Statin Inhibition of Monocarboxylate Transporter (MCT)-Mediated Lactate Transport in HK-2 Cells

NS Bakar1, SE Jenkinson2, F Kamali0,1, CDA Brown0,2. 1Institute of Cellular Medicine, Medical School, Newcastle University, Newcastle Upon Tyne,NE2 4HH, UK, 2Institute for Cell and Molecular Biosciences, Medical School, Newcastle University, Newcastle Upon Tyne,NE2 4HH, UK

Introduction: 3-Hydroxy-3-methylglutaryl-coenzyme A reductase inhibitors (statins) successfully lower LDL-cholesterol and the risk of atherosclerosis. They are generally considered to be safe, although statin-induced myopathy is relatively common. Membrane transporters may play a crucial role in determining statin side effects. However, little is known regarding the interaction of monocarboxylate transporters (MCT) with statins.

Study aims: To investigate whether statins affect MCT function in human proximal tubular epithelial cells (HK-2).

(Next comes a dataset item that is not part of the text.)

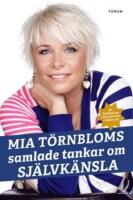 Mia T&ouml;rnbloms samlade tankar om sj&auml;lvk&auml;nsla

Methods: The presence of MCT1 (transcribed by SLC16A1 gene) in HK-2 cells at mRNA level was confirmed by quantitative Polymerase Chain Reaction (qPCR) array.Initial rates of 3H labelled DL-lactate uptake (1µCi/mL) were used to measure MCT1 function. The inhibition of [3H]-DL-lactate uptake was assessed in the presence or absence of a range of statins and compared to that of the well defined MCT inhibitors, phloretin and α-cyano-4-hydroxycinnamate (CHC).

Results: In the functional assay, initial rate of uptake of [3H]-DL-lactate (100µM) into HK-2 cells was shown to be both proton- (769 ±144 pmol mg-1 min-1 at pH 5.5 vs 98 ± 23 pmol mg-1 min-1 at pH 7.4, p<0.001) and Na+-dependent with the Vmax (at pH 5.5) in the presence of Na+ (769 ± 144 pmol mg-1 min-1) significantly higher (p<0.05) compared to that seen in the absence of Na+ (203 ± 108 pmol mg-1 min-1). That [3H]-DL-lactate uptake was significantly higher in the presence of Na+ initially suggested the existence of the sodium-coupled MCT1 (SMCT1; SLC5A8) in the HK-2 cells. However, qPCR analysis demonstrated no SMCT1 expression at mRNA level in HK-2 cells and the effect of Na+ upon uptake relates to maintenance of proton gradient across cell membrane by Na+/H+ exchange. Consistent with expression of MCT1, lactate uptake was significantly inhibited in the presence of phloretin and CHC by 84.02 ± 2.4% and 41.87 ± 10.6 %, respectively (p<0.0001). Lactate uptake was also inhibited in the presence of simvastatin, atorvastatin or rosuvastatin with apparent Ki values of 0.43 ± 0.2 mM, 0.59 ± 0.3 mM and 3.06 ± 1.1 mM, respectively. In contrast, pravastatin had no significant inhibitory effect on MCT-mediated lactate uptake.

Conclusions: These findings suggest that lipophilic statins; atorvastatin and simvastatin may be potential inhibitors of MCT transporters and exhibit relatively higher affinity to MCT1 than the less lipophilic statins; rosuvastatin and pravastatin.